Why They Are Popular in 401(k)s
- Easy for employees to understand and use
- Meet Department of Labor qualified default investment alternative requirements
- Reduce the risk of poor investment decisions
- Provide appropriate diversification automatically
Should You Use Your 401(k)'s Target Date Fund?
It depends on your 401(k)'s options. If the target date fund has reasonable fees and a sensible glide path, it is often a good choice. If the fees are high, consider building your own portfolio from the plan's other options.
Alternatives to Target Date Funds
If target date funds do not fit your needs, consider these alternatives.
Three-Fund Portfolio
Build a simple portfolio with a US stock index fund, an international stock index fund, and a bond index fund. Adjust the mix based on your age and rebalance annually.
Target Risk Funds
Also called balanced funds, these maintain a fixed allocation (like 60% stocks, 40% bonds) regardless of your age. You adjust your holdings as you age.
Robo-Advisors
Automated investment services create and manage a customized portfolio based on your specific situation, often at low cost.
Common Target Date Fund Mistakes
Avoid these errors when using target date funds.
Choosing the Wrong Date
Do not automatically pick a fund matching your expected retirement year. If you have a high risk tolerance, choose a later date.
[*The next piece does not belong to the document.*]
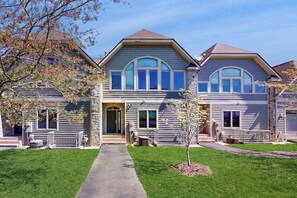 A two-story residential building with a central entrance, a small porch, and a well-maintained lawn. - Charming 3BR Townhouse - LAKE VIEW - McHenry (McHenry)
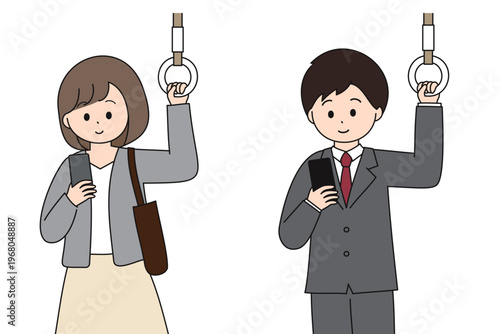 電車でスマートフォンを見るビジネスマンの男女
If you are conservative, choose an earlier date.
Holding Multiple Target Date Funds
Holding funds with different target dates dilutes the intended allocation and defeats the purpose. Pick one fund.
Mixing with Other Investments
Target date funds are designed to be complete portfolios. Adding other investments changes your allocation in ways you might not intend.
Ignoring Fees
A 0.5% fee difference compounded over 30 years can cost you hundreds of thousands of dollars. Always compare expense ratios.
Track Your Retirement Progress
Pro Trader Dashboard helps you monitor your retirement investments and track your progress toward your financial goals.
Summary
Target date funds offer a simple, effective way to invest for retirement. They automatically manage your asset allocation, rebalance your portfolio, and adjust your risk over time. While they are not perfect for everyone, they are an excellent choice for investors who want professional management without the complexity. Choose a low-cost option, understand the glide path, and let compound growth do the rest.